1. Le rapport est un conte des 1001 nuits
C'est une belle histoire cousue de fil blanc, où les
éléments bien connus du passé de Cargolux, disparates et désordonnés, sont
tissés ensemble en un seul tapis bien lissé. Une partie de la fiction voudrait
prétendre que: une équipe Cargolux-gouvernement, soudée, motivée, sous pression
de Bruxelles pour accepter un autre actionnaire, a identifié Qatar Airways
comme LE partenaire stratégique idéal pour Cargolux. Grâce aux talents supérieurs de négociateur de
Monsieur Frieden, ce gros poisson a finalement pu être tiré à bord en 2011,
contre toute attente. Les autres parties de la fiction sont les embellies sur
les éléments sous suspicion depuis toujours:
la notion de partenaire stratégique et la justification de la sortie
privilégiée de BIP de l'actionnariat.
En ce qui concerne le choix de Qatar Airways comme
meilleur partenaire stratégique, le terme "à l'époque" est utilisé.

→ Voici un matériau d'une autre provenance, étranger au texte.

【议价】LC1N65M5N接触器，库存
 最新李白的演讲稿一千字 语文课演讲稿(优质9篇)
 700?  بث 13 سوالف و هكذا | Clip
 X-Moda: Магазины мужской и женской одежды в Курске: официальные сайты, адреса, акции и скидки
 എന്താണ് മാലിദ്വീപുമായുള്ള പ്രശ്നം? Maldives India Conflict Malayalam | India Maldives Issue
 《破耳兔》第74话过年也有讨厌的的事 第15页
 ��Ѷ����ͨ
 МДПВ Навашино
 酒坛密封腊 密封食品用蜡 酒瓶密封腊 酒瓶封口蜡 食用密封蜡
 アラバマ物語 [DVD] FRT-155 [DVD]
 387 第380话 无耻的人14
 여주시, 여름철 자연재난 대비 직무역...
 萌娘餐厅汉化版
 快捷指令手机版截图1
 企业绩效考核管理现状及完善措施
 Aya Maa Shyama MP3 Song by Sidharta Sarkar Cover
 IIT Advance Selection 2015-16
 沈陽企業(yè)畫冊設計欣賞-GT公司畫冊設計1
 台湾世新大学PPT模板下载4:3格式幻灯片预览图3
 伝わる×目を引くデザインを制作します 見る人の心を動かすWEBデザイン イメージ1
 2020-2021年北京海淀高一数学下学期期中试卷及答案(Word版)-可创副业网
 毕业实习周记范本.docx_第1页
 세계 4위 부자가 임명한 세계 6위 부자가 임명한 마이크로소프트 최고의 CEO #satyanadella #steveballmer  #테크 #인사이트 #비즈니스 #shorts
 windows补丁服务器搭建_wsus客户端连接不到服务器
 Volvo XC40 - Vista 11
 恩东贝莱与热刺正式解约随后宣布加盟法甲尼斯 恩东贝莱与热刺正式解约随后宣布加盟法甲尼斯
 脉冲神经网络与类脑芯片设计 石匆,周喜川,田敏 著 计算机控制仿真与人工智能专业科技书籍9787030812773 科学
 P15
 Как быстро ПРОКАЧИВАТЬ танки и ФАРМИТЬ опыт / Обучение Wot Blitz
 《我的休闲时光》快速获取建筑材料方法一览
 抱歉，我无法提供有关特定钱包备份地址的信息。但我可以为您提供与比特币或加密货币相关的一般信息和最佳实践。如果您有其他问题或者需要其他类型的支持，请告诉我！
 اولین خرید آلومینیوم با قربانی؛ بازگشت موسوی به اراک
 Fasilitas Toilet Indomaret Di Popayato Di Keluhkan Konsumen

C'est sans doute pour excuser l'échec rapide et scandaleux de la stratégie qui n'était
géniale "qu'à l'époque". Or une stratégie n'a rien de ponctuel ni dans
l'espace ni le temps. C'est un plan bien réfléchi pour le long terme. La
stratégie du partenariat avec Qatar Airways a foiré, parce qu'elle n'était
bonne à aucun moment. Qui sont les stratèges derrière la décision de Cargolux
de s'engager de la sorte? Juste pour être sûr de ne jamais les recommander à
personne.
La sortie en toute beauté du groupe BIP de l'actionnariat
de Cargolux devient elle un conte de fées révisé: dans cette transaction à géométrie
variable, les actions privilégiées de BIP et de Luxavantage bénéficiaient d'une
plus-value de 40%. C'était expliqué dans le temps par un dividende dont seules
BIP et Luxavantage bénéficiaient. Une opération qu'il n'est pas facile de
justifier. Nouvelle explication: en sortant de l'actionnariat, ces
investisseurs de longue date allaient être privés des fantastiques plus-values
que l'arrivée de Qatar Airways allait procurer à Cargolux. En d'autres mots,
ces actionnaires devaient être payés plus, car sur base des projections (utopiques),
l'actionnaire qui se retire perd sa part des futurs profits et a donc un manque
à gagner. Il faut donc le compenser! Le Luxembourg a inventé une nouvelle forme
d'investissement: l'investissement zéro, donc à risque zéro dans une affaire dont
on dit qu'elle peut rapporter gros. On
sera donc immédiatement dédommagé pour son futur manque à gagner!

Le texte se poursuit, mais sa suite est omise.